The physical state of a heterogeneous soot oxidation catalyst has a big impact on their performance. Contact between soot and solid catalysts is one of the key parameters for soot oxidation. Catalyst formulations based on low eutectic melting points were studied. Formulation based on cesiumsulfate and vanadiumoxide, became active at their melting point of 320-350 °C. Ceramic foam can act as support for the liquid catalyst as well as a deep filter for the soot. Downstream of a small diesel engine a balance temperature of 350 °C was established with an initial trapping efficiency of 40 %. Stable pressure drop over the system was maintained over a period of more than 24 hours.

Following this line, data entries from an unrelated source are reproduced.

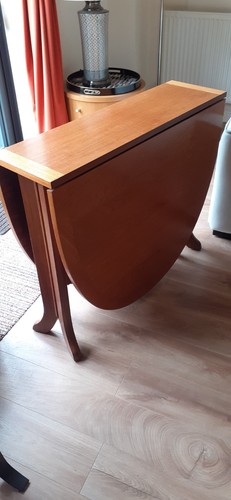 Gate leg dining table - leg,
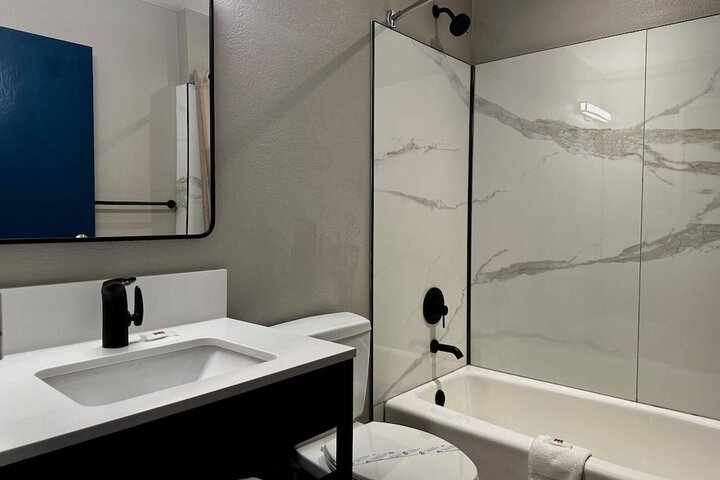 Clean Restrooms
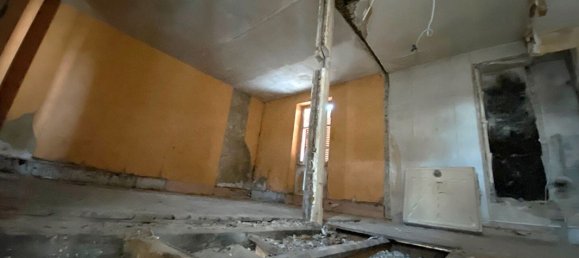 Casa de 3 habitaciónes en Dijon, France No. 203236 4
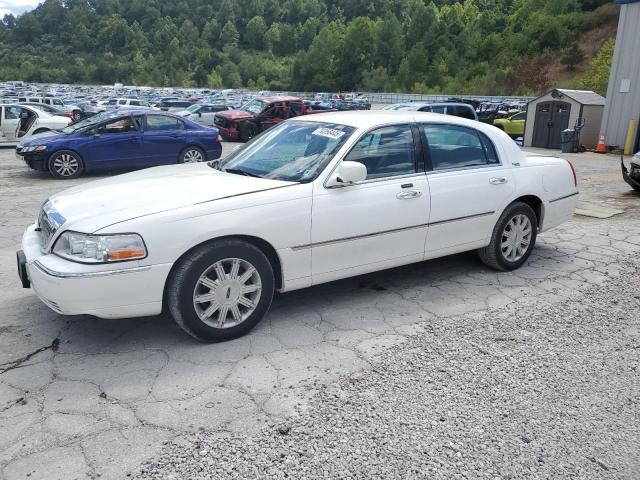  Salvage Lincoln Towncar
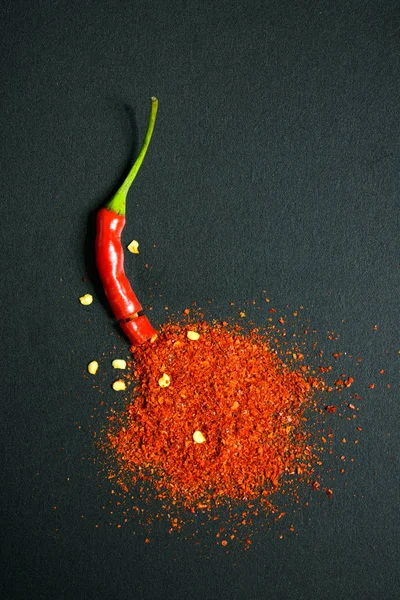 Red chili pepper and chili flakes — Stock Photo, Image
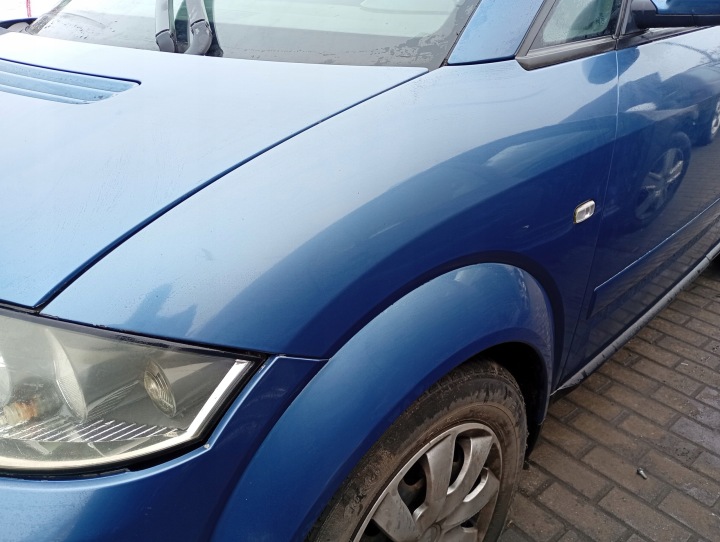 Audi A2 00-05 blatník levý přední předek kod lakieru LZ5R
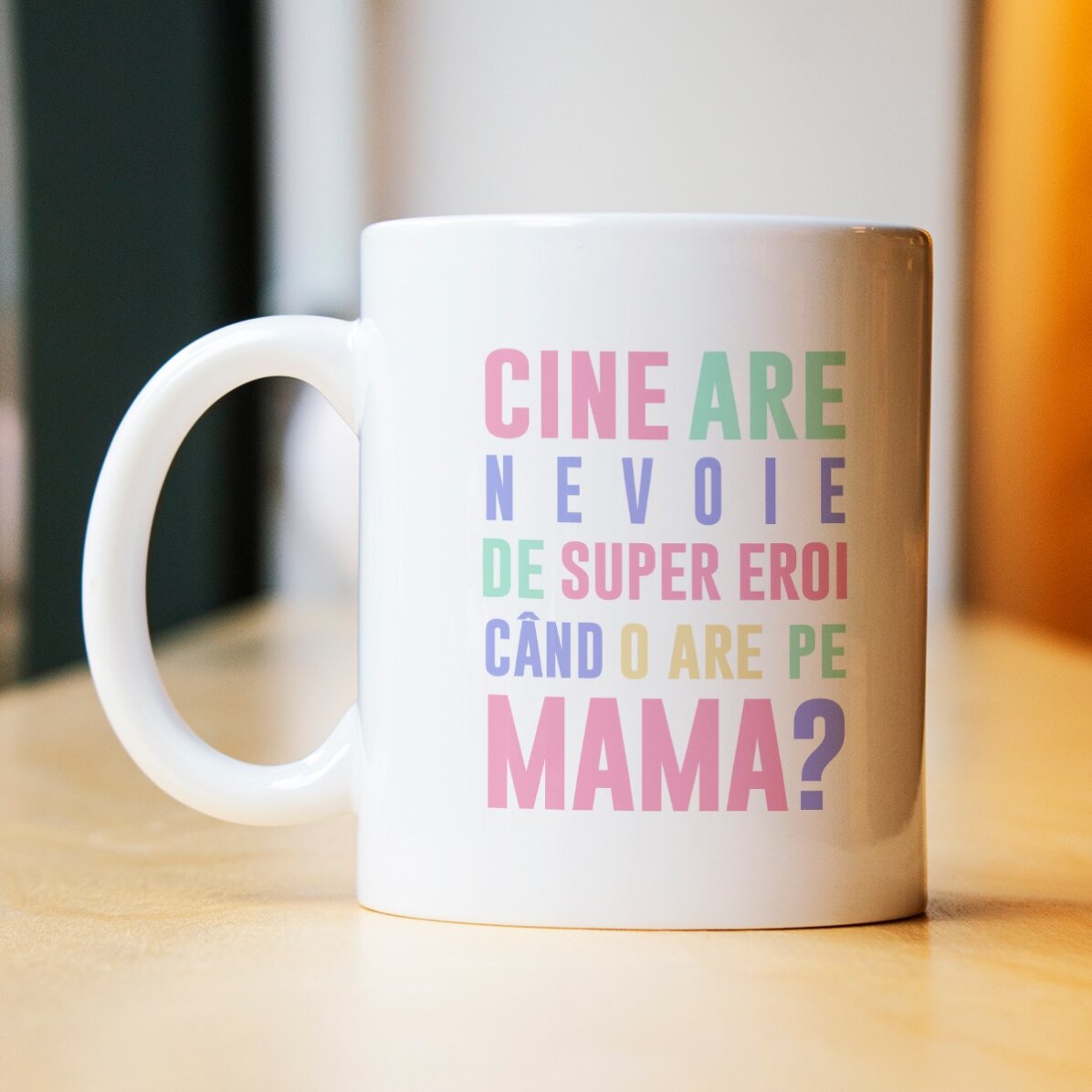Tazza personalizzata con messaggio - Mamma, supereroina in colori pastello
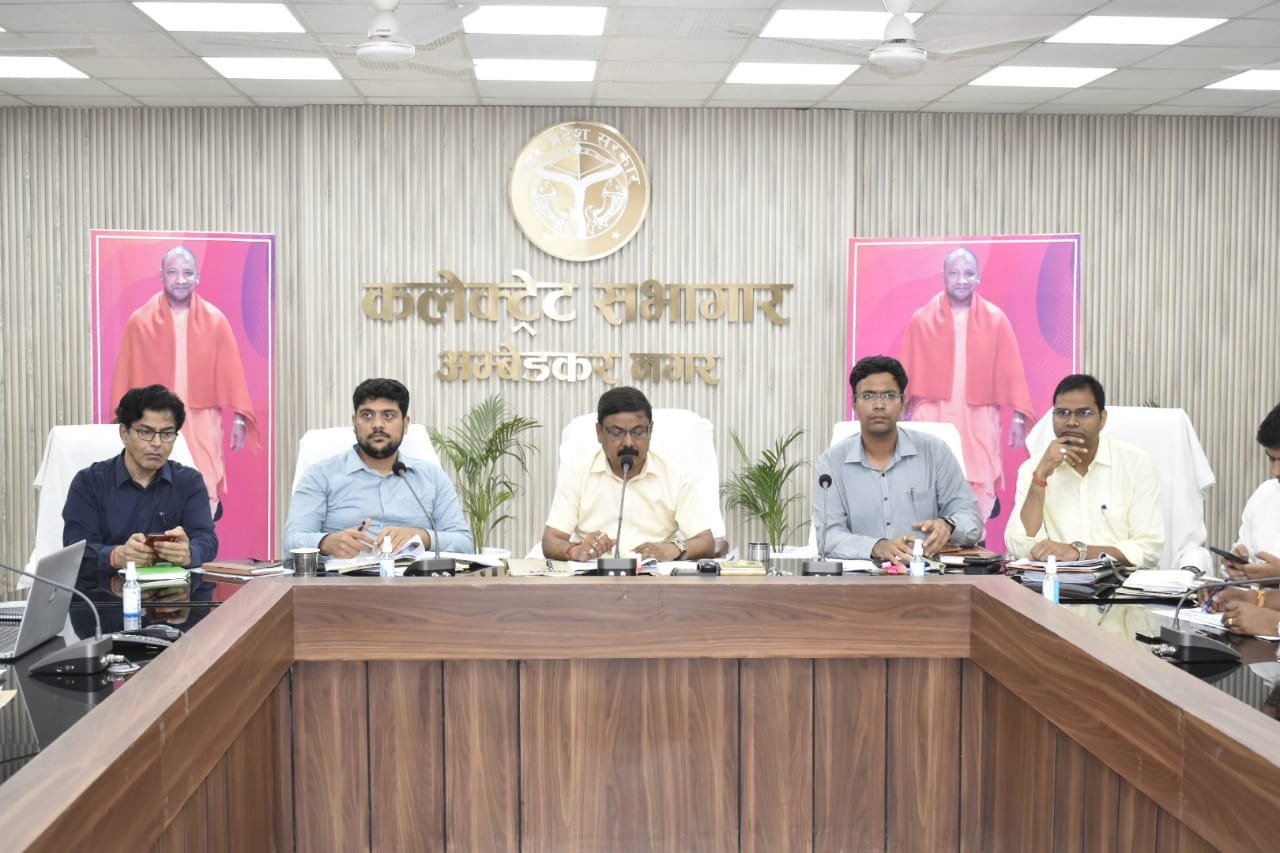 पेट्रोल पंप एनओसी के संबंध में कलेक्ट्रेट सभागार में डीएम की अध्यक्षता में बैठक आयोजित हुई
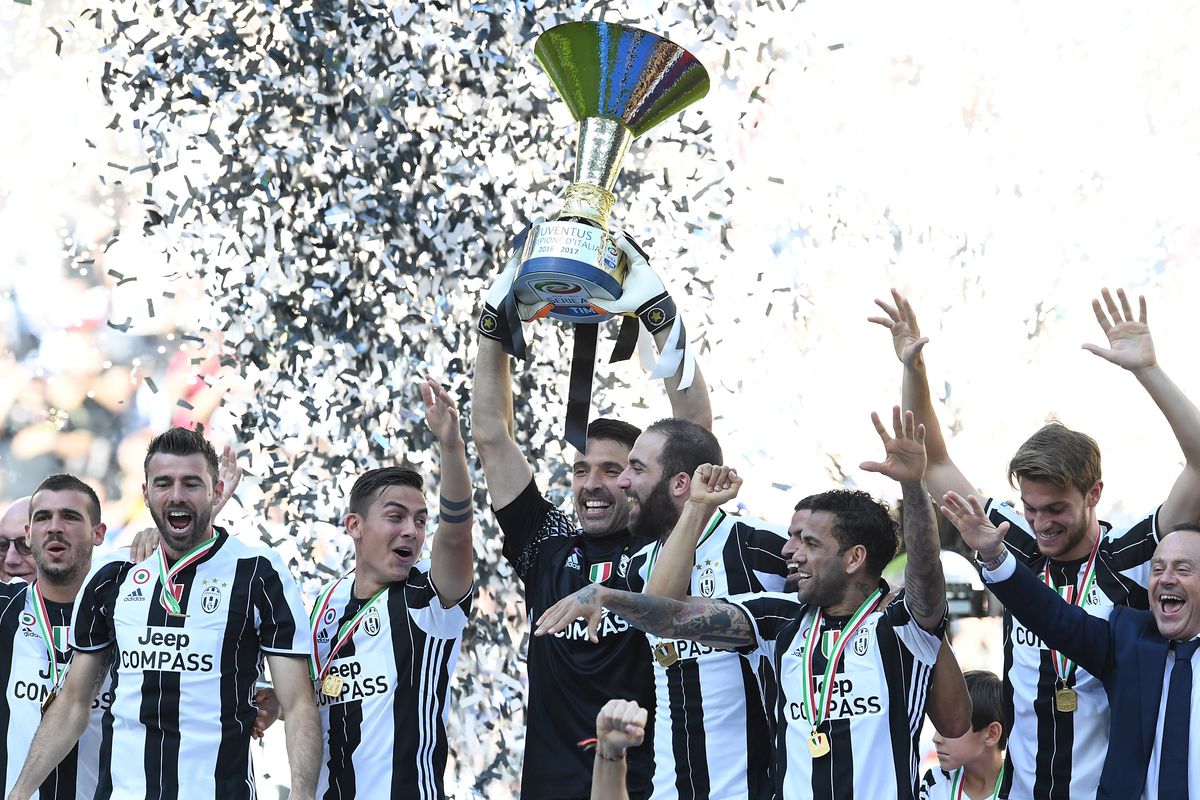 Juventus đăng quang sớm 1 vòng đấu
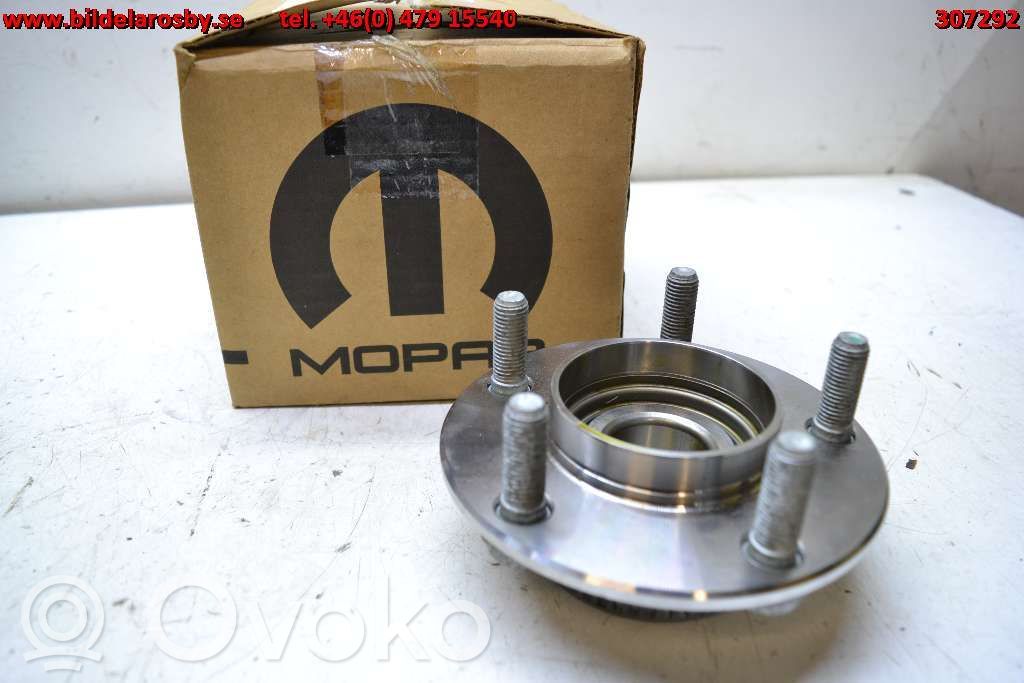Chrysler 300M Mozzo portante ruota posteriore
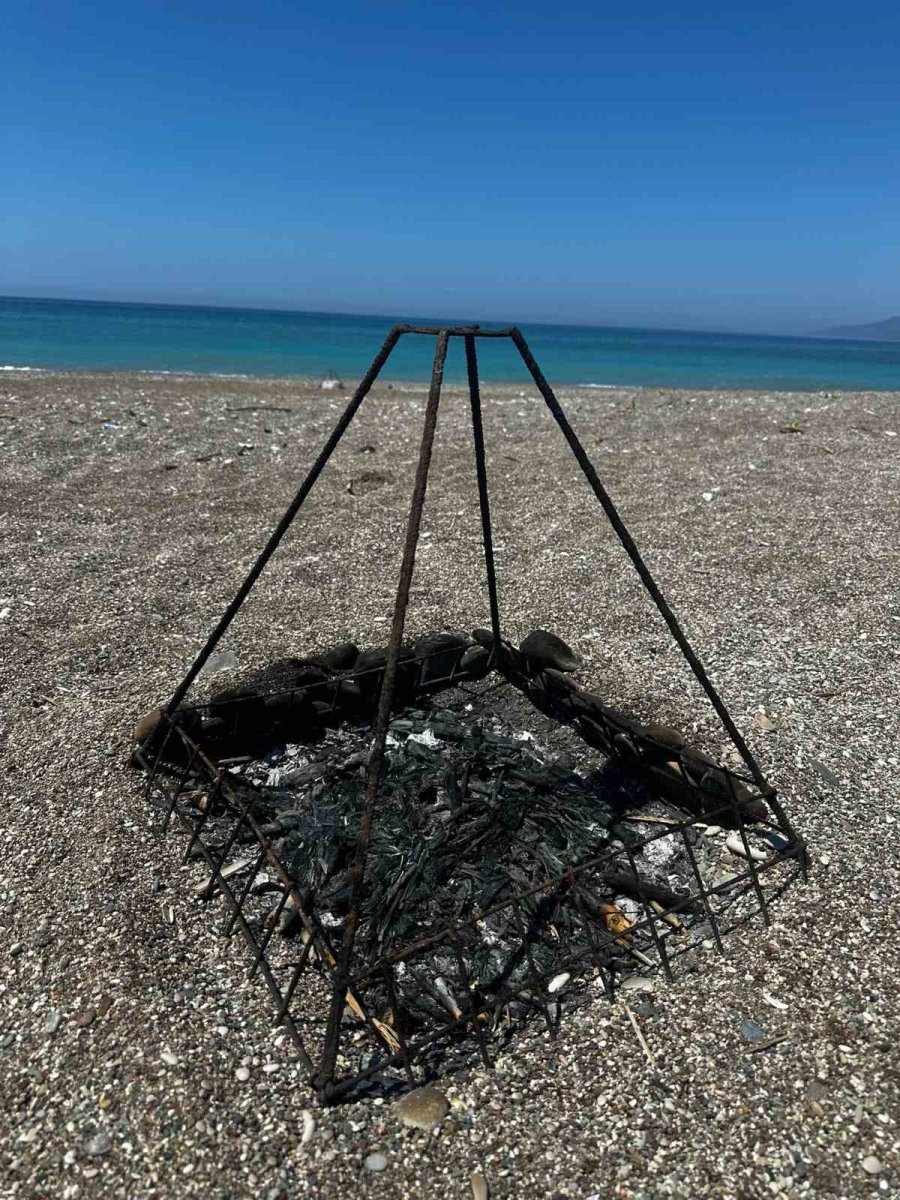 Caretta Caretta Yuvasının Üzerinde Mangal Ateşi Yaktılar
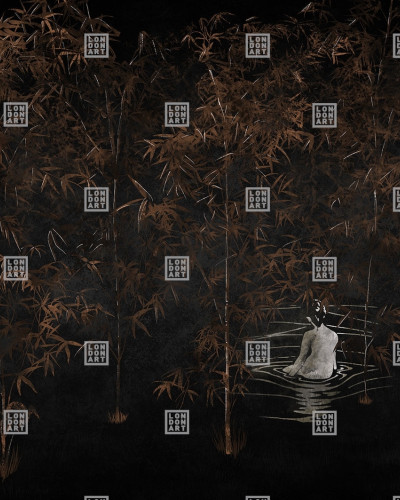 Wallpaper Dance Little Sister (maro A) cu un model delicat de bambus în nuanțe de maro, ce include o imagine a unei femei delicate pe un fundal negru.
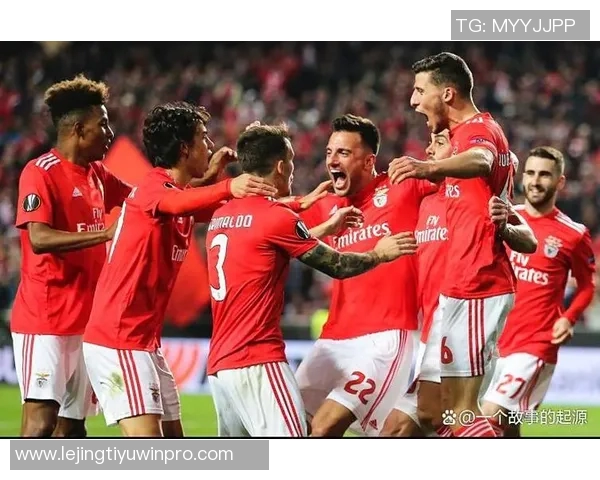 德媒报道本菲卡多名球员感染病毒但仍需满足人数要求才能推迟比赛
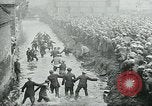 Standbild Shrovetide übereinstimmen Ashbourne England, 1930, aus Sekunde 38 historischem Filmmaterial Videoclip 65675035105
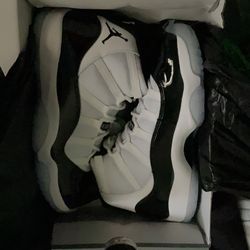 Youth 6.5 concord 11s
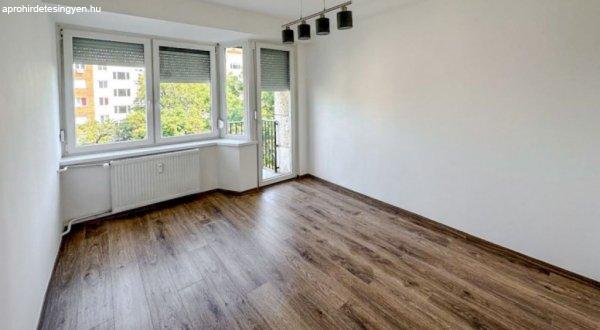 Eladó 60 nm-es Felújított Panellakás Pécs Uránváros 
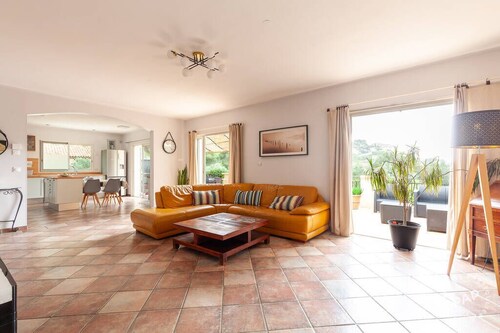 Provencal country house on 2 levels 180 m2 on 900m2 of land.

We studied the mechanism of NO reduction as well as its selectivity and reactivity in the presence of excess O2. Results show that fuel injection and/or pretreatment are important for ceria catalyst reduction and carbon deposition on the catalyst surface. Oxygen defects of reduced ceria are the key sites for the reduction of NO into N2. The deposited carbon acts as a buffer reductant, i.e., the oxidation of carbon by lattice oxygen recreates oxygen defects to extend the NO reduction time interval. A small amount of NO showed a full conversion into only N2 both on the reduced Zr-La doped ceria and reduced Pt-Zr-La doped ceria. Only when the catalyst is oxidised NO is converted into NO2.